Our idea is to restore habitats and join them up, often by linking together farmers and targeting investment to where there is most need. We propose three public asset funds for land management, based on delivering the eight benefits. We propose a landscape-scale approach to land management beacuse wildlife and wild places do not recognise boundaries and we need more space for wildlife by growing and joining habitats. These funds should be allocated through local environment plans that target action and investment to achieve nature’s recovery. This approach is based on ecological mapping – a spatial approach to identifying environmental needs through using local data and consultation with local people.

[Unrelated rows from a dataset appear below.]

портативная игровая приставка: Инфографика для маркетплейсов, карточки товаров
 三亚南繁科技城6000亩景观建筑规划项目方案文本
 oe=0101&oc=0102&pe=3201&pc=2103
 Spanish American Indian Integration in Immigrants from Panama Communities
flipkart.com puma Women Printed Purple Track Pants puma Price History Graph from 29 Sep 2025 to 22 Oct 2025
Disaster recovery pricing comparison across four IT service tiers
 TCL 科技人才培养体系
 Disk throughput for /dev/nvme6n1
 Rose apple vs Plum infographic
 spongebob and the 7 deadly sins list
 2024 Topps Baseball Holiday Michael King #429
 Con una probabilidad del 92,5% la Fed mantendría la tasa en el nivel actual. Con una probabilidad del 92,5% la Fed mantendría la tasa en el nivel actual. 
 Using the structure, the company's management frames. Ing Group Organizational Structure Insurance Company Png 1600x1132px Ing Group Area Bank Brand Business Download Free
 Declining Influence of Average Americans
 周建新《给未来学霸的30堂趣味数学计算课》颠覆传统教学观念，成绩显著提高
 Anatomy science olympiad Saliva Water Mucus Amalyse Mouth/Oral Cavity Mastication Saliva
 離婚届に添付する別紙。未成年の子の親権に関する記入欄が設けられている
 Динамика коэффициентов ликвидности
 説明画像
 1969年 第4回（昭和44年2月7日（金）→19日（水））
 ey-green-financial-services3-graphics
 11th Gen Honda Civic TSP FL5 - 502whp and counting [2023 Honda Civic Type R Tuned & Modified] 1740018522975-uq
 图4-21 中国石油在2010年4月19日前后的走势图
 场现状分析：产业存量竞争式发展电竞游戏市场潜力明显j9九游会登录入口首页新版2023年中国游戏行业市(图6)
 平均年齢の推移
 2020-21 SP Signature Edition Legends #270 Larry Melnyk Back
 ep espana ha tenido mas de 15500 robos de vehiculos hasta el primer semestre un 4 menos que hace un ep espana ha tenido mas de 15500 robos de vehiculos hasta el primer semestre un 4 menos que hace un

Case Study: Applying the new approach in the River Aire Catchment

Yorkshire Wildlife Trust have taken these policy proposals and applied them to the Aire Catchment. This gives us a case-study to see how changing policy in this way and directly contracting farmers could deliver public benefits and services. It concludes that a move away from subsidy to direct public contracts for identified public goods, if managed well, would be transformational and dramatically secure environmental, quality of life and economic benefit for all (not least the UK’s farming industry).

A new contract – between land managers, the Government, taxpayers and consumers – could secure the future of not just wildlife but farming communities, a thriving and diverse economy, and a living landscape delivering the ecosystem services we rely on.